------ DATA SECTION
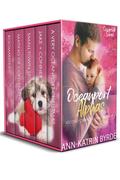 Oceanport Alphas: Second Chances Series Bundle by Ann-Katrin Byrde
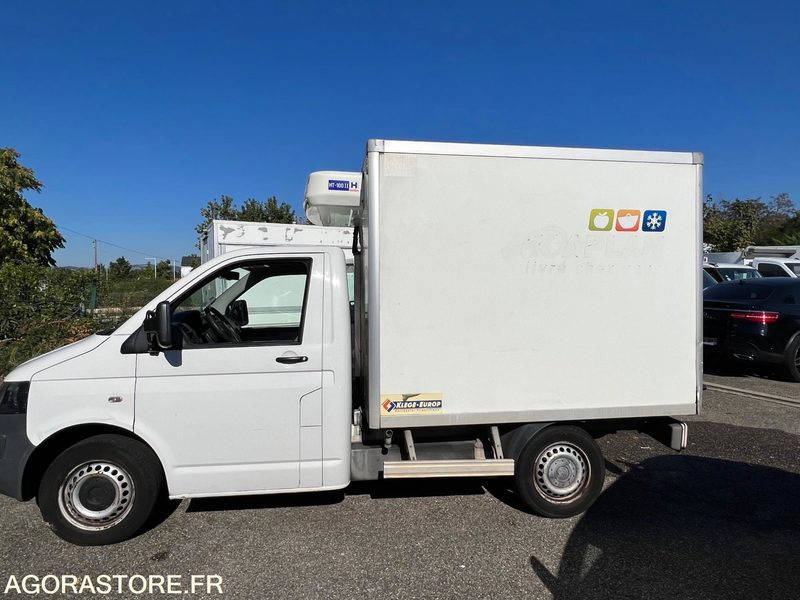Volkswagen TRANSPORTER TDI 140CH FRIGO DBLE COMPARTIMENT2013 PRIX TTC SANS TVA - Véhicule utilitaire frigorifique: photos 4 Volkswagen TRANSPORTER TDI 140CH FRIGO DBLE COMPARTIMENT2013 PRIX TTC SANS TVA - Véhicule utilitaire frigorifique: photos 4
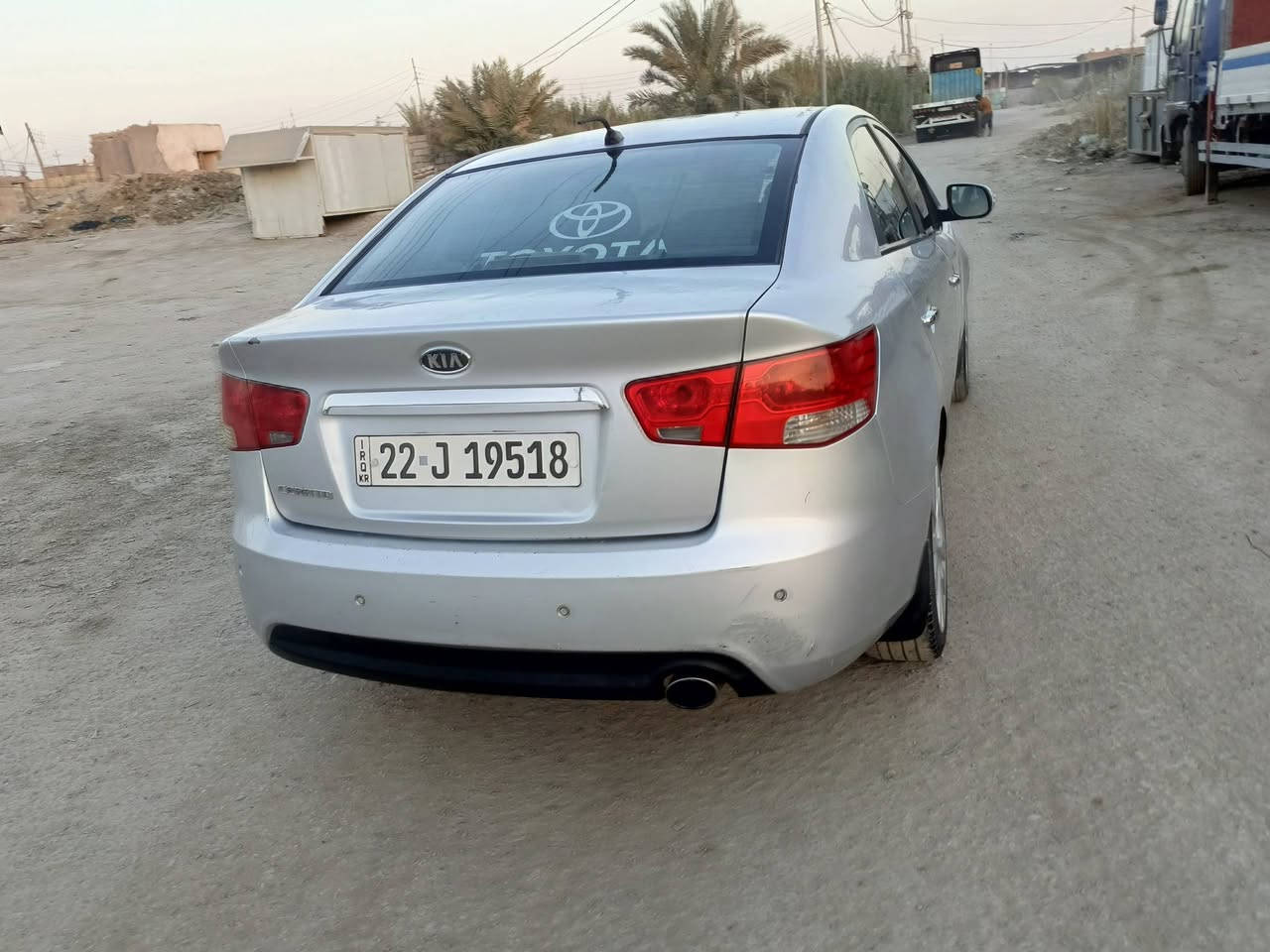 سيراتو 2010باسمي للبيع بدون مراوس باسمي مكفوله بيه دور جاملغي خلفي بس الدور رشه صبغ وبيه حالوب قماره وجنطه  فول مواصفات بدون بصمه مكاني حله القاسم سنويه محدده  ***********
------------
== TO DO ==
Retype the data above exactly. Do not carry over any images.

== FINAL ANSWER ==
 Oceanport Alphas: Second Chances Series Bundle by Ann-Katrin Byrde
Volkswagen TRANSPORTER TDI 140CH FRIGO DBLE COMPARTIMENT2013 PRIX TTC SANS TVA - Véhicule utilitaire frigorifique: photos 4 Volkswagen TRANSPORTER TDI 140CH FRIGO DBLE COMPARTIMENT2013 PRIX TTC SANS TVA - Véhicule utilitaire frigorifique: photos 4
 سيراتو 2010باسمي للبيع بدون مراوس باسمي مكفوله بيه دور جاملغي خلفي بس الدور رشه صبغ وبيه حالوب قماره وجنطه  فول مواصفات بدون بصمه مكاني حله القاسم سنويه محدده  ***********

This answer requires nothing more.